Reputation: 8025
I am trying to concat all my columns into a new column. The concatenated values should be stored in a list.
My dataframe:
df = pd.DataFrame({'A': ['1', '2', nan],
'B': [nan, '5', nan],
'C': ['7', nan, '9']})
desired output:
df:
A B C concat_col
1 nan 7 [1,7]
2 5 nan [2,5]
nan nan 9 [9]
What i tried:
df['concat'] = pd.Series(df.fillna('').values.tolist()).str.join(',')
Output i got:
A B C concat_col
1 nan 7 1,,7
2 5 nan 2,5,,
nan nan 9 ,,9
Upvotes: 1
Views: 4197
Reputation: 164673
You can use a list comprehension, taking advantage of the fact np.nan != np.nan
:
df['D'] = [[i for i in row if i == i] for row in df.values]
print(df)
A B C D
0 1 NaN 7 [1, 7]
1 2 5 NaN [2, 5]
2 NaN NaN 9 [9]
Counter-intuitively, this is more efficient than Pandas methods:
df = pd.concat([df]*10000, ignore_index=True)

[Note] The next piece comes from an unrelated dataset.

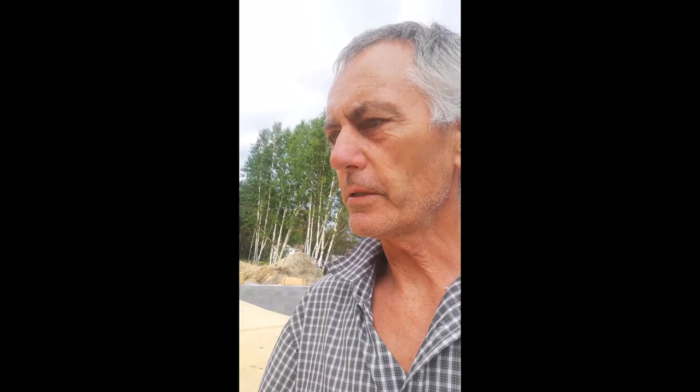One thing I forgot to mention in the flooring video: I glued down all the sheets of plywood using the large tubes of glue provided for that. On top of each floor joist I put a bead of glue, which eliminates — or at least reduces — any squeaking, because as wood ages it shrinks and moves around a bit.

%timeit df.apply(lambda row: row.dropna().tolist(), axis=1) # 8.25 s
%timeit [[i for i in row if i == i] for row in df.values] # 55.6 ms
Upvotes: 4
Reputation: 1704
The following code should work:
df['concat_col']=df.apply(lambda row: row.dropna().tolist(), axis=1)
Upvotes: 3